Background Updated UK guidelines for post exposure prophylaxis following sexual exposure (PEPSE) outline new thresholds for when PEPSE is recommended (R), considered (C) or not recommended (NR).

Aim/Objective We compared practice and outcomes according to 2006 and 2011 guidelines.

Methods Retrospective review of electronic patient records between 20 January 2011 and 7 November 2011. Information regarding presentation, recommendations and outcomes were collected. Risk estimates were compared with guidelines. Blood abnormalities were classified grades I-IV. Data were analysed using Microsoft Excel.

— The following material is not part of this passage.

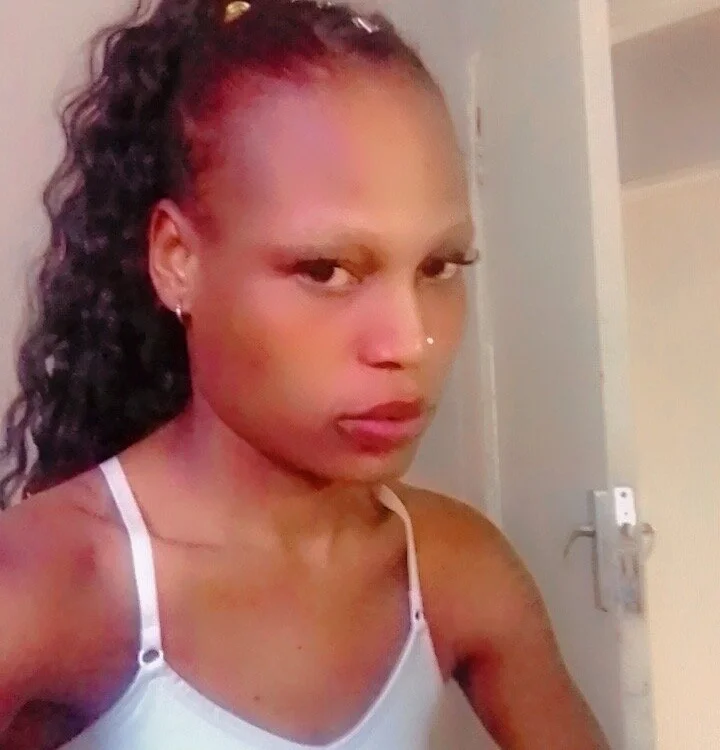 SexySlimMelanin7 cam model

Results Of 325 requests to a London sexual health service, PEPSE was issued on 281 occasions to 268 patients. Gender: male n=258, female n=10, median age: 32 years, sexual orientation: men who have sex with men n=236, heterosexual n=25, not recorded n=7. Risk exposure: unprotected anal (n=263) and vaginal (n=26) intercourse. Source details: HIV+ n=112 (40%), on antiretroviral therapy n=31, viral load known 40 (14%) (<50 n=26, >50 n=14). 71 (26%) reported taking PEPSE ≥ once (range 1–5) previously. 99% commenced PEPSE within 72 h (median 30). Comparing those classified as R (n=258) and C (n=21) according to 2006 guidelines, 27 (10%) were reclassified NR using 2011 guidelines. Completion of 28 days PEPSE was reported in 59% cases, 100% adherence in 87%. Eight stopped early due to side effects (n=4) or the source tested HIV- (n=4). 148/268 (55%) had ≥1 blood abnormality, grade I-II (n=196) and grade III-IV (n=29). 1 patient developed acute interstitial nephritis. 196/268 (73%) underwent ≥1 screen for sexually transmitted infections; chlamydia (n=27), gonorrhoea (n=17), syphilis (n=4) and hepatitis B (n=1). Of 243 due 4-month follow-up, 52% have tested HIV− (n=122) and HIV+ (n=4).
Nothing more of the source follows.